Quantum Random Number Generator Increases Security

The search for the mysterious axion particle, believed to exist in dark matter, inspired the creation of a technology that uses quantum optics to rapidly generate numbers that are truly random.

The generation of truly random numbers is at the heart of cyber security, and cyber security is critical to a range of applications – from national security, to the protection of sensitive business and personal information.

These quantum random number generators (QRNGs) are the inventions of Carol Scarlett, founder of Axion Technologies, LLC and a Chain Reaction Innovations (CRI) Cohort 4 innovator.
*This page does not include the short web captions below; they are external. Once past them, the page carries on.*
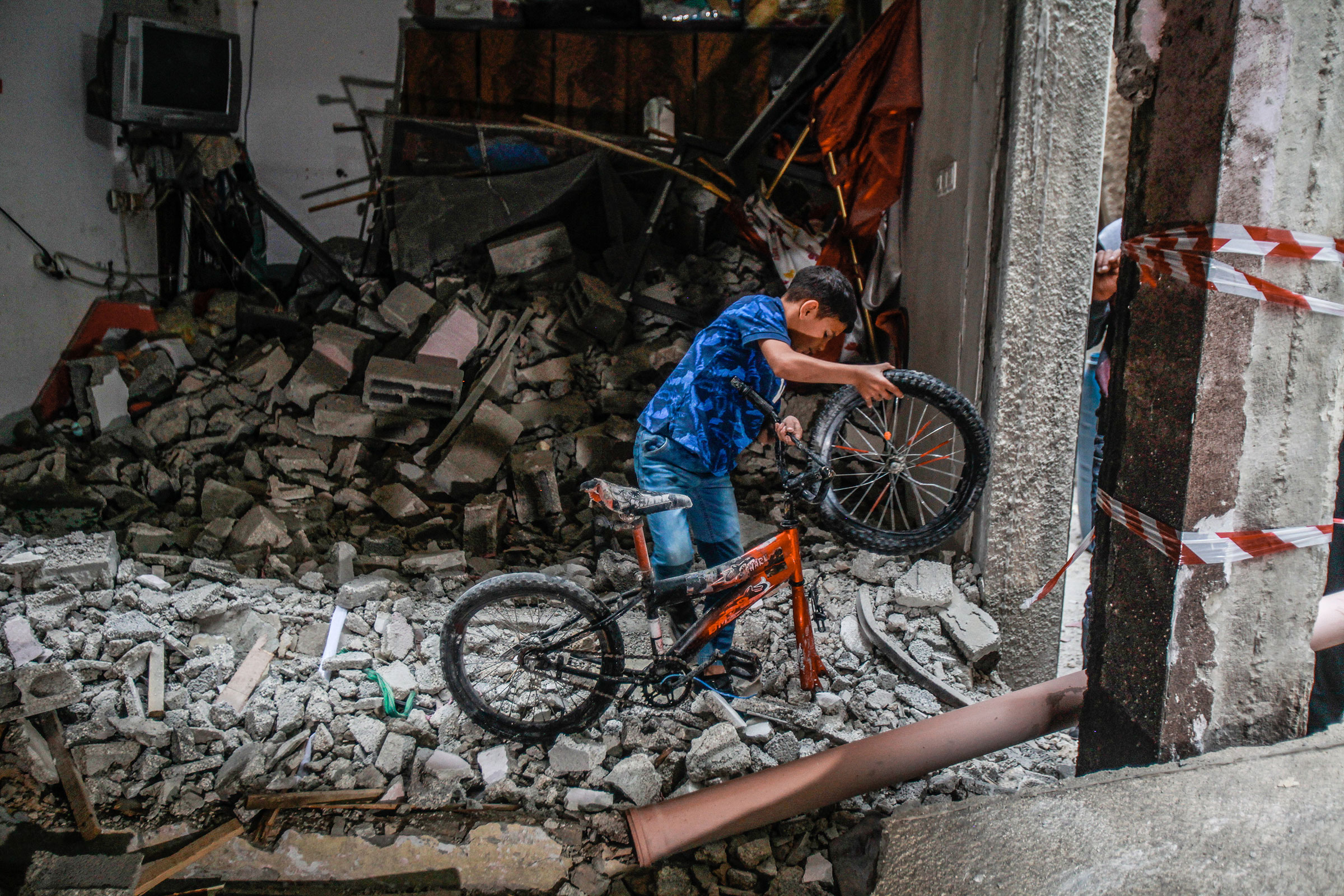 A child pulls his destroyed bike out of rubble that was once an apartment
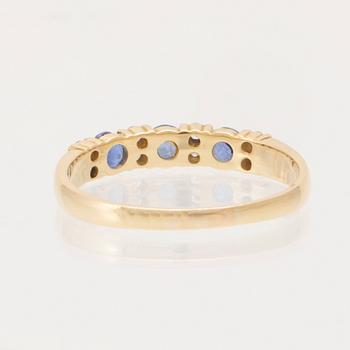 Ring 18K guld med runda briljantslipade diamanter och runda fasetterade blå stenar, London England.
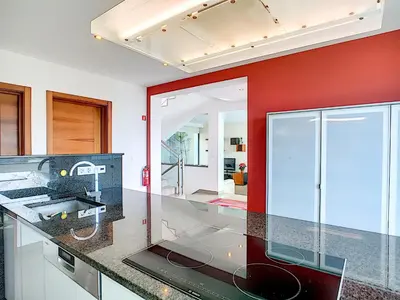 a kitchen with a black counter and a red wall at Villa North Sea by LovelyStay in Ponta Delgada
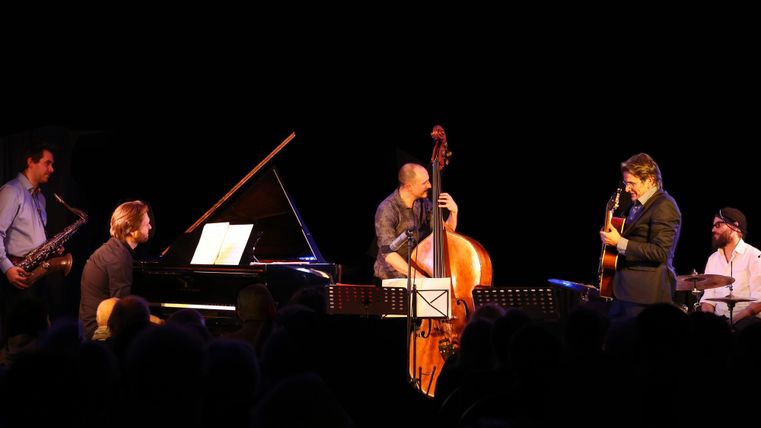 Eine Jazzband spielt live auf der Bühne. Die Musiker sind mit verschiedenen Instrumenten beschäftigt und die Atmosphäre ist lebhaft.
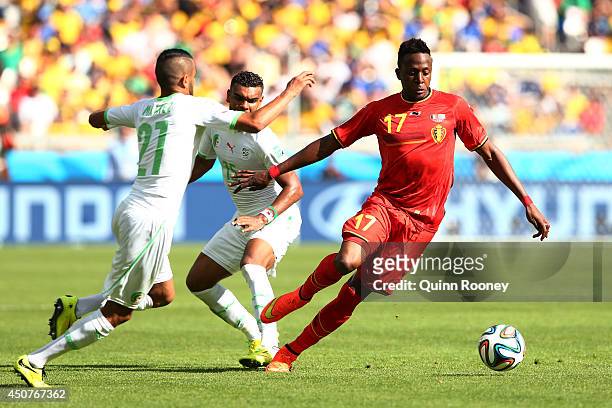 Divock Origi of Belgium controls the ball against Riyad Mahrez of Algeria during the 2014 FIFA World Cup Brazil Group H match between Belgium and...
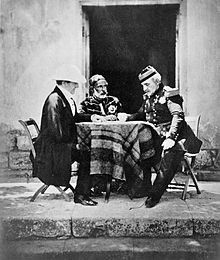 Trois hommes en uniformes militaires autour d'une petite table recouverte d'une nappe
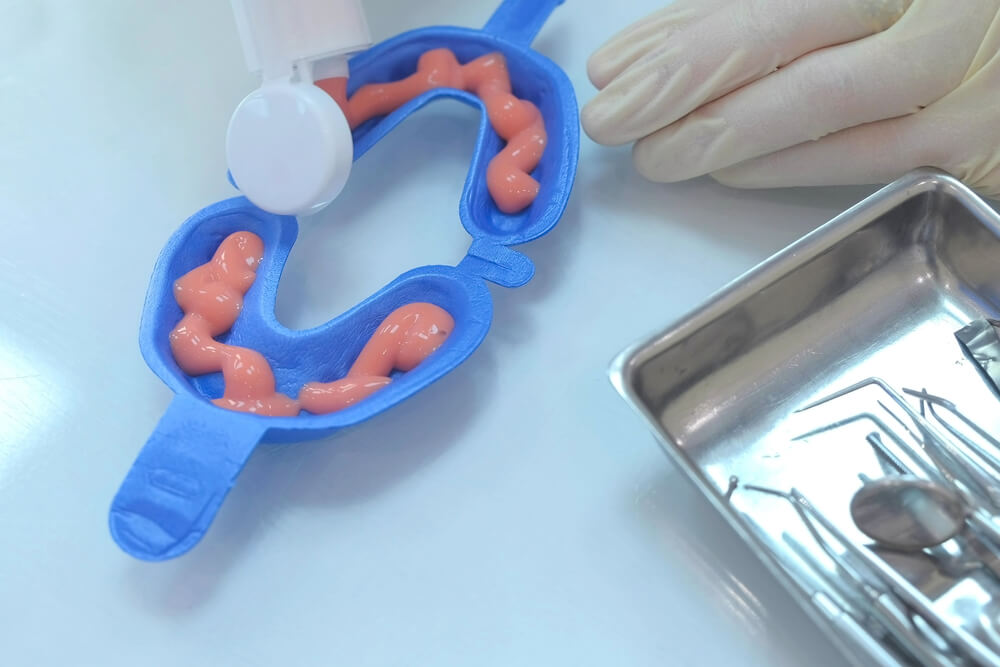 An individual employs a dental tool to create a toothbrush, focusing on the safety aspects of fluoride in dental hygiene.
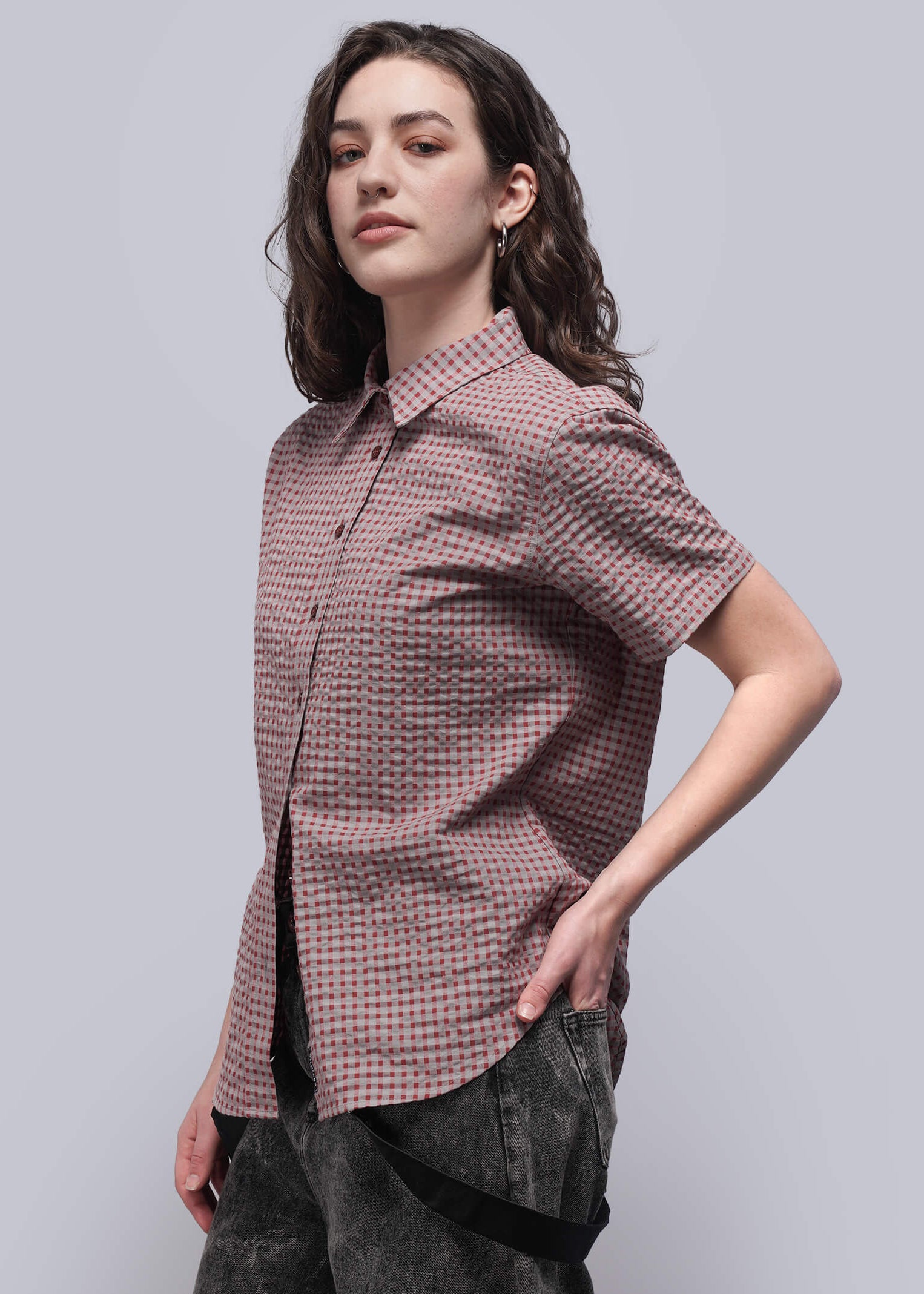 S=Woman wearing a patterned shirt and dark pants against a light gray background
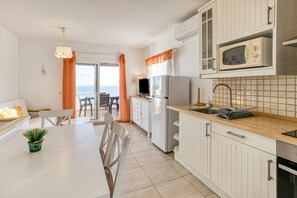 Una cucina moderna con mobili bianchi, un forno a microonde e un frigorifero. C'è un'area pranzo con tavolo e sedie, e vista sull'oceano attraverso una porta di vetro.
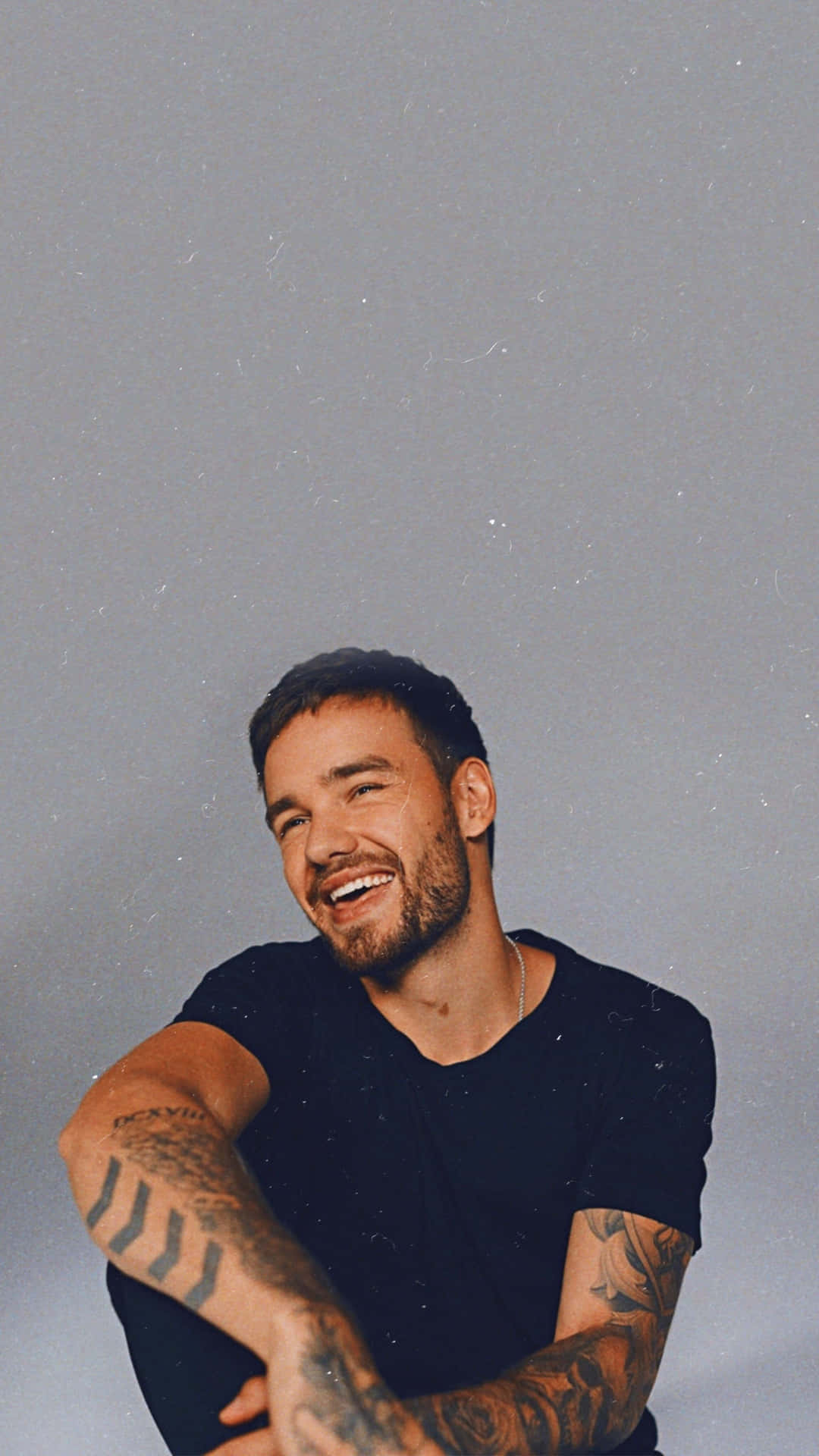 Liam Payne Having Fun On The Beach Background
In January 2016, Scarlett, who has a Ph.D. in Physics from the University of Michigan and a bachelor’s degree in Electrical Engineering from Yale University, founded Axion Technologies, LLC to provide “enhanced cybersecurity.”

“There’s no way to mathematically figure out where it’s going to go,” Scarlett said of the random numbers generated.

Scarlett joined CRI’s Cohort 4 at the U.S. Department of Energy’s (DOE) Argonne National Laboratory in June 2020. CRI is a two-year entrepreneurship program that embeds innovators in the Lab to help them grow their early-stage technologies. While embedded, Scarlett has worked with two Argonne scientists—Liliana Stan and Jeffrey Guest—at the Center for Nanoscale Materials.

About Axion Technologies 

Unlike classic number generation via algorithms which provide numbers that can be predictable due to patterns, Scarlett’s QRNGs use quantum mechanics to provide truly random numbers. This enhances cybersecurity because the numbers cannot be predicted.

Her QRNGs are also parallel because there are a multitude of outputs at the same time. The parallel functionality increases the cost-effectiveness and speed of random number generation (e.g., several friends baking dozens of cakes, each in their own ovens at the same time, accomplish the task much faster than each taking turns to use the same oven).

Unlike classic number generation via algorithms, which provide numbers that can be predictable due to patterns, Axion uses quantum mechanics to provide truly random numbers.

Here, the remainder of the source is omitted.